[Source records]
* * *

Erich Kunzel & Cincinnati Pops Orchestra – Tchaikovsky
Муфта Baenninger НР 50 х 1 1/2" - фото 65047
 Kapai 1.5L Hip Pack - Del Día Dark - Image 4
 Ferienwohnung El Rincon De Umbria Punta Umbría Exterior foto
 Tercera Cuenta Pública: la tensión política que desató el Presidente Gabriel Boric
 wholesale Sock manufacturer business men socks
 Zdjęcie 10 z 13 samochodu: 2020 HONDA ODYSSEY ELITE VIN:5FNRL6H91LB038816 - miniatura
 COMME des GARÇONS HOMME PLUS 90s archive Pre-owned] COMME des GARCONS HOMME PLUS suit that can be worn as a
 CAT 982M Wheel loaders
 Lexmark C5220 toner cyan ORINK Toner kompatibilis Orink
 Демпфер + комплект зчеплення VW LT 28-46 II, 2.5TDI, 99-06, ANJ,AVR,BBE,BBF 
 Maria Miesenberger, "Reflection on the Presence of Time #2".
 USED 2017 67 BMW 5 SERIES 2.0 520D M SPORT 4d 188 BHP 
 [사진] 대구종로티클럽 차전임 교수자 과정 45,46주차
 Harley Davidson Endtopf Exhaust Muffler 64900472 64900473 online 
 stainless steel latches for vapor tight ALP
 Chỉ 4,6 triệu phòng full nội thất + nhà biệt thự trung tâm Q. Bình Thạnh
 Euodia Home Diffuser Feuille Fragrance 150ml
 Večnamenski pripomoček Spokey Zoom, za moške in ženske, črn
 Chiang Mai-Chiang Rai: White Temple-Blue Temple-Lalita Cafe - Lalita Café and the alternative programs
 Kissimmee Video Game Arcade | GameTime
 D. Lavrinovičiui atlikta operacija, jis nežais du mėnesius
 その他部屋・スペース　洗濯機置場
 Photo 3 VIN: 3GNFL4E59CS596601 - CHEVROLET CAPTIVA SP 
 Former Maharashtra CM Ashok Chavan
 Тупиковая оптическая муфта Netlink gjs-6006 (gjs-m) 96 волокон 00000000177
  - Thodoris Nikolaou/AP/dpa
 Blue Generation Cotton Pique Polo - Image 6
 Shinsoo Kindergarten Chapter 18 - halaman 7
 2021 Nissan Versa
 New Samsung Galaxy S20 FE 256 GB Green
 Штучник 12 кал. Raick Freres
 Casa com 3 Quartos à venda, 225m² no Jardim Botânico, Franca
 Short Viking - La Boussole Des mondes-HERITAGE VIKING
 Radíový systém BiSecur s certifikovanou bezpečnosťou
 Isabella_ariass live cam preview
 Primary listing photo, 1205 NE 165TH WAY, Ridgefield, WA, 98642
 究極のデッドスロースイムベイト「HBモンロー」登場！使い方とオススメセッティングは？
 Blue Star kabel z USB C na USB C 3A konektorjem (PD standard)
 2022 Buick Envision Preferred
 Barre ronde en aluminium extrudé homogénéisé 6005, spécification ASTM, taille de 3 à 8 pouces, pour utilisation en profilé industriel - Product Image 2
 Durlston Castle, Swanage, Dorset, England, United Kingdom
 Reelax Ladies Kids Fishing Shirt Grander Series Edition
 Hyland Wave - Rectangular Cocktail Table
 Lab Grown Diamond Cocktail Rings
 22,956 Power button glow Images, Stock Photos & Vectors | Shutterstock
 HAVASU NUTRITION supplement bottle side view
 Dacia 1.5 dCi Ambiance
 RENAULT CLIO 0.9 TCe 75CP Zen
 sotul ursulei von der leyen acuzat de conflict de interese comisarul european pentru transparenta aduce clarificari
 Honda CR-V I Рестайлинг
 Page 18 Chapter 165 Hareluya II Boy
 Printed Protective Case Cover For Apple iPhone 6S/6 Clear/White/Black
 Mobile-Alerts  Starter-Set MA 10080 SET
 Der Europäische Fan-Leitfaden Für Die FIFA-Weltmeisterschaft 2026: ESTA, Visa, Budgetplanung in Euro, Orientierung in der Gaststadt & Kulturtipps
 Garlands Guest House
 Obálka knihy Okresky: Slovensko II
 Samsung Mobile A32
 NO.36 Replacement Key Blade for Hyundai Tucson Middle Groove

* * *

Prompt: What is needed is an exact retyping of every line from the one containing "Page 18 Chapter 165 Hareluya II Boy" through the final line of the entries, and only those lines.

Task response:
 Page 18 Chapter 165 Hareluya II Boy
 Printed Protective Case Cover For Apple iPhone 6S/6 Clear/White/Black
 Mobile-Alerts  Starter-Set MA 10080 SET
 Der Europäische Fan-Leitfaden Für Die FIFA-Weltmeisterschaft 2026: ESTA, Visa, Budgetplanung in Euro, Orientierung in der Gaststadt & Kulturtipps
 Garlands Guest House
 Obálka knihy Okresky: Slovensko II
 Samsung Mobile A32
 NO.36 Replacement Key Blade for Hyundai Tucson Middle Groove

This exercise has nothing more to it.